"Not Bringing Home a Baby" - the Sadness of Stupidity - Part 2


Posted On: Saturday - September 7th 2019 2:48PM MST
In Topics: 
  Feminism  Female Stupidity

(continued from Part 1)



To finish off discussing the sadness (due to stupidity) in the Eidelon (WTF?) article Not bringing home a baby, I'll just keep it short and simple today.

I don't mean to state that the article author, Mrs. Nandini Pandey is a stupid woman, by any means. It's the general stupidity of feminism that has not been pushed back against in America, and women's insistence on adhering to it, that is the problem. I don't think, even by the end of writing her sad story out, Mrs. Pandley gets it. Her complaint is that "they" should make it easier to have the academic career she wanted while somehow "letting" her have a baby before her fertility reached such a sad state.

I'm pretty sure anyone's Grandma, at least before the major inroads of feminism (by, say, 1975) could have told her that you just can't fool Mother Nature.

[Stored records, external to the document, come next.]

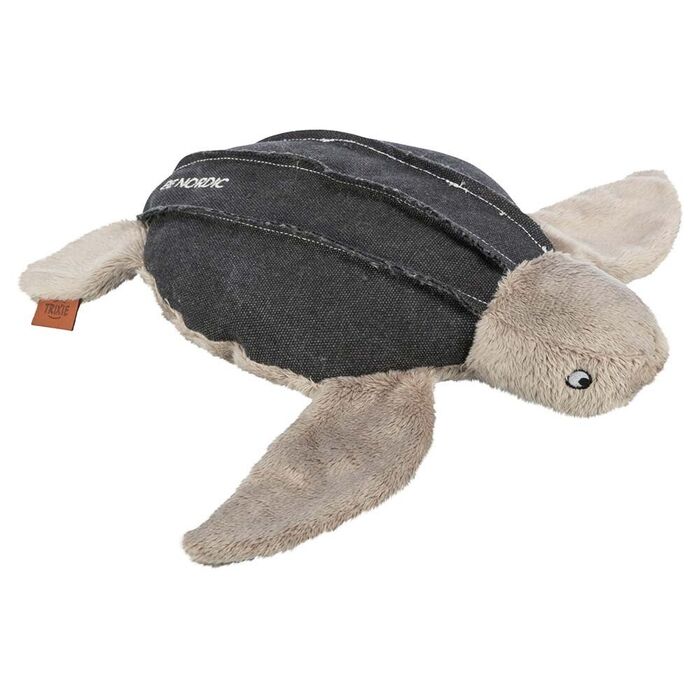 Tartaruga Be Nordic em Peluche e Tecido para Cães - Trixie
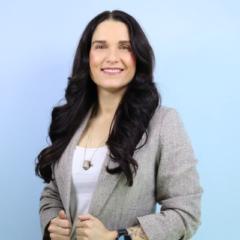 Chantelle Dantu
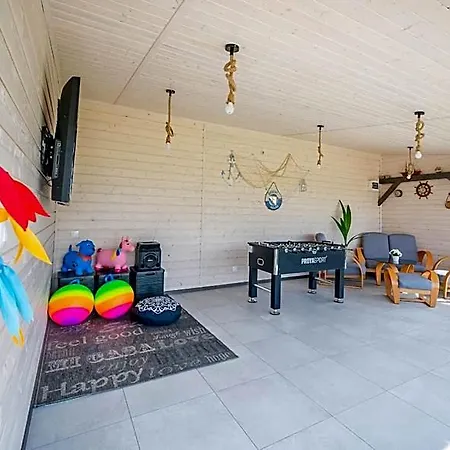 Morskie Zacisze-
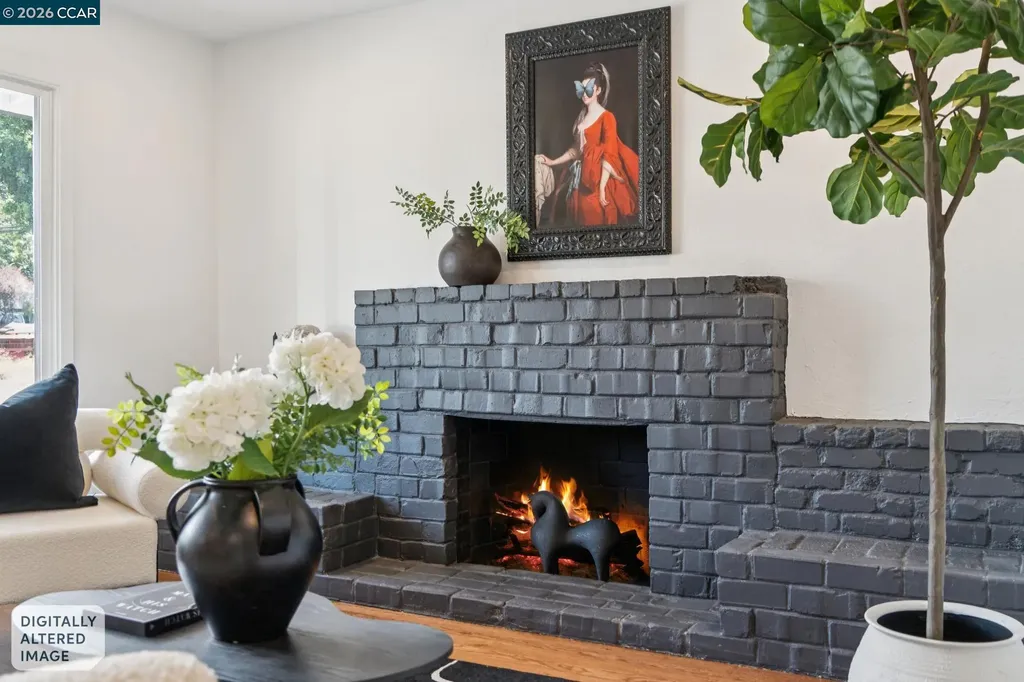 1505 Everett Street El Cerrito CA 94530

You can write feminist books, pick female geek CEOs elect feminists to office, watch TV-sitcom feminists ("and then there was Maude ... ♪♫♬" Hmmm, where's Maude now?), cheer on feminist tennis players, and even write very sad articles in feminist magazines on the internet, but you cannot overrule the laws of Mother Nature.

If Mrs. Pandley had just had a Grandma she could listen to about the facts of life, she'd have known she needed to choose. There are some women (and more men, I'd guess) that just realize that they don't want children, or they like their cool lifestyle and rewarding career more. I have no problem with that (and have an article in an old tab about this ready for another post). You might even be able to "do it all", some hard-driving women, but you'd better do it in the right order. Your fertility waits for no man. Remember, ladies, as I wrote in discussion of a similar article in The Clock was Ticking, "if you choose not to decide, you still have made a choice."

Though the author wrote in that "you then go to the fertility clinic ..." style that seems it could be written as a warning to another individual, she never does come out and say that she screwed up. Nope, "they" have things arranged wrong. She doesn't realize "they" is Mother Nature. Professor Nandini Pandey here could have gotten some use out of her sad quest to bring home a baby by instructing the young women readers to do things differently. She never did. Or, as she might put it "you never do." That was pretty stupid, but then, she wanted to make sure the article didn't get rejected, I guess.